I can‘t count the number of times the Fountainhead has been referenced to me because I am an architect. I get their point. The protagonists are both architects and it‘s their career paths that are being narrated through the book.
I read Ayn Rand’s The Fountainhead when I was in the first year of my undergrad. A professor mentioned it (because someone referenced it to him, I am sure now) and I was 18, fairly new to reading(it‘s an acquired habit) and admittedly, the book flew over my head. Even if you asked me to recall what the plot is, I wouldn’t be able to. But what stuck with me was something way more important than remembering Howard Roark or Peter Keating’s lives stories.
The author, Ayn Rand, wrote the book where the characters acted as vessels for her version of the ideal man.

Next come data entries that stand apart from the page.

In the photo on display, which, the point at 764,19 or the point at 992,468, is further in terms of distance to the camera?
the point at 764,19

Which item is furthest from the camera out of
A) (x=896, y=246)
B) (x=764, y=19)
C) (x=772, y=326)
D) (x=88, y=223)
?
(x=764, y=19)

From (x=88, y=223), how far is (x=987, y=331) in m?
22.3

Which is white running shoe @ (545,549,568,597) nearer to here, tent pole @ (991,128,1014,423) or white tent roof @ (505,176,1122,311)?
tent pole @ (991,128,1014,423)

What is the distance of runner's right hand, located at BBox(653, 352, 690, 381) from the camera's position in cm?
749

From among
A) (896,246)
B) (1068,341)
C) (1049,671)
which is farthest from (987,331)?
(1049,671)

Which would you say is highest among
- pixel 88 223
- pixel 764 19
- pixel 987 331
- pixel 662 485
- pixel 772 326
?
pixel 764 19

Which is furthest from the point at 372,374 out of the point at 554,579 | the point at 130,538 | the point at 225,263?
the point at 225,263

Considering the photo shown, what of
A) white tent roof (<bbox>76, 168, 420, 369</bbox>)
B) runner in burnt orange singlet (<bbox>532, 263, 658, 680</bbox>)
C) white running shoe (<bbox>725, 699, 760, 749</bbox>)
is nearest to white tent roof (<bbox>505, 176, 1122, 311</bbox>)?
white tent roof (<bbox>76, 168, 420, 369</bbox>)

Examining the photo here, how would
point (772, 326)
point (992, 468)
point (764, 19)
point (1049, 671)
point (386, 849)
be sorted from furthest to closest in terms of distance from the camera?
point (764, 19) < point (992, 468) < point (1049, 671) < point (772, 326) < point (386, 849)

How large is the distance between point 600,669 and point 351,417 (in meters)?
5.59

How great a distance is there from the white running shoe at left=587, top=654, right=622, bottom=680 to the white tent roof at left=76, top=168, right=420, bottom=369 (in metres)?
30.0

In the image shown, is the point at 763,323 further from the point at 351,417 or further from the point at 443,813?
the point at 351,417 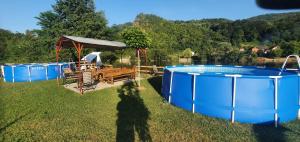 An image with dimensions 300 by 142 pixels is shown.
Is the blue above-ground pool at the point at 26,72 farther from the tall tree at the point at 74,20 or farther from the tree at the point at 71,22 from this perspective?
the tall tree at the point at 74,20

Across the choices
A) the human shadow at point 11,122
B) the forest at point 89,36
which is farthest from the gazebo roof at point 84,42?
the forest at point 89,36

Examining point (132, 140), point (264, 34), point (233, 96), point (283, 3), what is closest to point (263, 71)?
point (233, 96)

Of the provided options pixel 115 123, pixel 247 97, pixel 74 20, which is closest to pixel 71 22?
pixel 74 20

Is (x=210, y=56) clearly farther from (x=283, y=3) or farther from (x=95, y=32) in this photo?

Howard Roark was the ideal man - the temperamental genius, gifted with creativity, who doesn’t need a formal education(he’s thrown out, btw) to validate his worth. He’s also the egoistic architect whose ‘starchitect-ness’ we worship(flawed!) within the profession. The anti-thesis of Roark is Peter Keating, the hard working one but sadly not gifted, who networks himself to the top. The former, despite his gift, operates on principles and tastes a very different version of success than the latter, who constantly returns to Roark to help sustain his success.
The reason that the book is important is because of how much every reader craves to be like Roark. Throughout the entire read, you find yourself wanting to be like the man, the creative genius who doesn’t need commercial gratification. On the other hand, you find yourself shirking away any resemblances to Keating, with all his insecurities exposed by the author as undesirable.
I can guarantee that any creative person will be able to relate to the insecurities of our own work - Are we good enough ? Will I make it ? Am I as talented as my peers ? These are questions that plague every one of us and that’s just the nature of the field that depends on both evaluative and descriptive criticism. The book, whether it idolises a genius or dissects an insecure man, holds up a mirror to the reader. Who do you want to be more like ? The answer to that question reveals a lot more about ourselves than we’d thought the book would end up doing.
Ayn Rand’s Objectivism, the individualistic philosophy at the core of the book, might be it‘s own undoing for in reality, the fact is that we’re all a little bit of both and that while we crave to be the ideal version of man(or woman!), there’s many (ugly) nuances to our lives that are hard to shake.